İlk oyun

664 25 11
                                    

"Yanlış anlamadım değil mi? Sizin arkadaşınız uyuşturucu satışı yaparken yakalandı ve sizde benim onu hapse girmekten kurtarma mı istiyorsunuz?"

Ofisin kapısını kapatıp çıkmak üzereyken gelen adam tüm dengemi alt üst etmişti. Benden imkansız bir şey istediğinin farkında değildi sanırım, üstelemeye devam ediyordu ve ben oldukça yorgundum.

"Evet avukat bu konu çok acil ne kadar isterseniz vereceğim siz yeter ki bu işi halledin."

Elimde onlarca dosyanın dolu olduğu çanta gittikçe ağırlaşıyordu, tutmakta zorlanıyordum. Bu adam ne diyordu böyle? Kaşlarımı kaldırıp yüzüme çarpık bir gülümseme yerleştirdim.

"Ne kadar istersem öyle mi?"

Adam kararlı ve telaşlıydı, başını sallayıp beni onaylamakla yetindi. Onu baştan aşağıya süzmeye başladım, paçası bileklerinden biten pantolonu ve babete benzeyen ayakkabısı gözlerimin kanamasına sebep oluyordu. 

"Pantolonunu ve ayakkabını çıkarırsan sana yardım ederim."

Adamın gözleri kocaman açıldı, onunla dalga geçtiğimi düşünüyordu yüzünde anlamsız bir ifade ve sinir kırıntıları oluştu. Tek gözü seğirmeye başlamıştı. Ben ise günün yorgunluğunu bir şekilde eğlenceye dönüştürmeye çalışıyordum.

"Ne?

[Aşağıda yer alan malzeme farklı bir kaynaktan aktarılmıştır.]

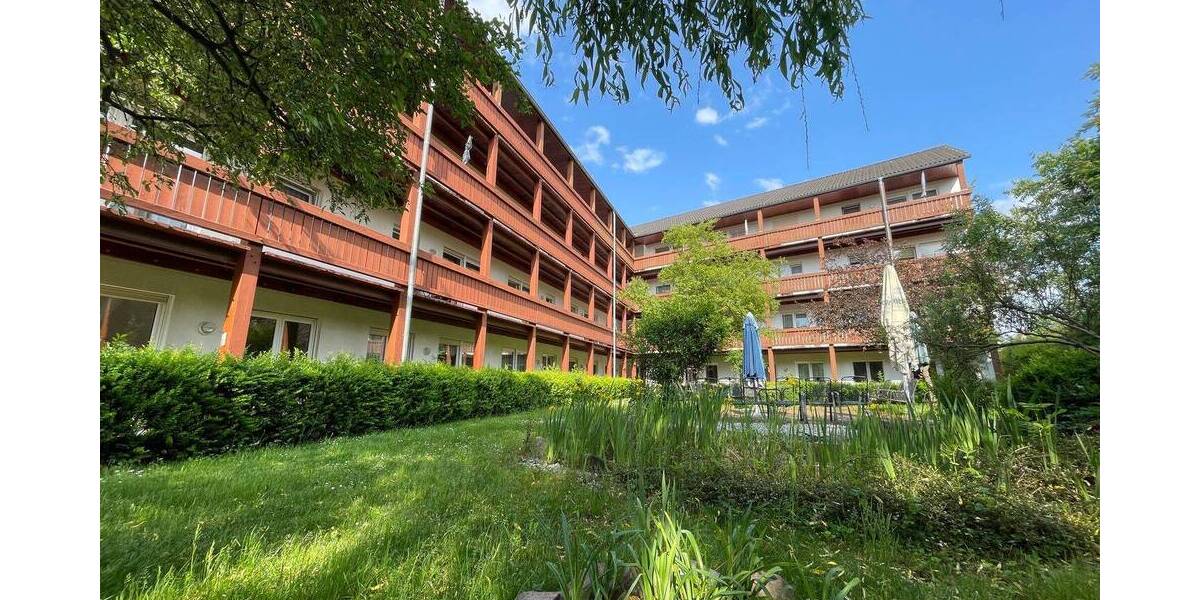 Etagenwohnung Zwönitz - 2 Zimmer, 47 m&sup2;, 354&euro; | Angebot:25676725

Dalga mı geçiyorsunuz?"

Bu bir dalga değil oyundu ama o nereden bilecekti ki? Kimse beni anlayamazdı ondan başka, yıllar geçmişti üzerinden ama hâlâ aklımdaydı yaşadıklarımız ve delicesine eğlenmelerimiz. Acaba şuan neredeydi ve ne yapıyordu?

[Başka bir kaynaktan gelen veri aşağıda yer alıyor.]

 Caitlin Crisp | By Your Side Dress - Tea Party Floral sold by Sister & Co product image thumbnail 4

"Her neyse bayım gidin başka bir avukat bulun benim eve geçmem gerekiyor. İsterseniz size bir arkadaşımın numarasını vereyim o çok meraklıdır böyle vakalara, yani böyle dediğim imkansız."

Evim, kanepem ve dün aktardan yeni çektirdiğim kahvem, ayaklarımı uzatacağım sehpam, yarım kalmış kitabım bekleyin geliyorum. Çantamı daha sıkı tutup cebimden telefonumu çıkardım, Damla'nın numarasını ararken adam çok iyi bir hamle yapmıştı.

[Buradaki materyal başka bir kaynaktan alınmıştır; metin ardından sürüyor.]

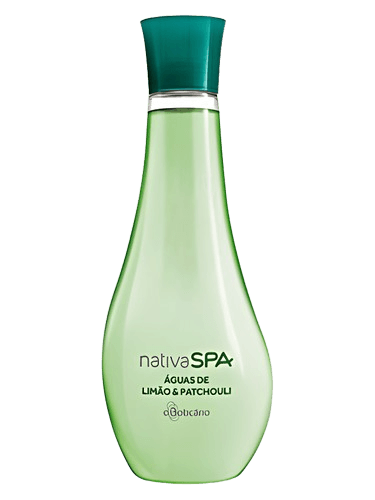 O Boticário Águas de Limão & Patchouli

"Bakın vaktimiz yok arkadaşım suçsuz. Arkadaşınız sizden daha iyi bir avukat sanırım ama benim kaybedecek bir dakika vaktim yok."

Benim herkesten iyi olma takıntımı biliyor olabilir miydi? Mükemmel olma hastalığımı psikoloğum ile aşmak üzereydik. Bugün olanları ona anlatsam kesin yeniden seanslar açmaya başlardı.

"Madem işiniz acil o zaman şu olayı doğru dürüst anlatın, arkadaşınız uyuşturucu kaçakçısı mı?"

Öyle dümdük sormuştum soruyu ve cevap benim için önemliydi. Haksız insanları savunmak adetim değildi.

"Hayır ona tuzak kurdular, başka bir arkadaşı yerine işin başına geçmişti ama böyle bir iş olduğunu bilmiyordu. İnanın bana bilse asla bu işe kalkışmazdı, zaten bu kesin kuralları yüzünden onu bitirmek isteyen kişiler kurdu tuzağı."

Allah'ım nasıl bir olayın içine düşmüştüm? Neyin doğru neyin yalan olduğunu bilmiyordum şimdilik sadece bu adamın söyledikleri vardı elimde. Ve aklımı karıştıran bir soru.

"Nesiniz siz mafya mı? Hani şu dizilerde olan yuvarlak masa etrafında toplanıp birbirlerinin kuyusunu kazan cinsten felan."

Adam şık giyimli yakışıklı sayılabilecek bir tipe sahip hiçte mafyaya benzemeyen iyi aile çocuğu görünümlü birisiydi. Mafya benzetmem ona komik gelmişti, hafifçe gülümsedi.

"Sayılır, korkmanı gerektirecek bir şey yok ama. Senin başına bir şey gelmez."

'oğlum hayırdır tehlike benim göbek adım.' demek geldi içimden dilimin ucuna kadar geldi ama geri itmesini becerdim. Ciddi olmaya çalışıyordum ama yaşadıklarım kahkaha atmama neden olacak şeylerdi.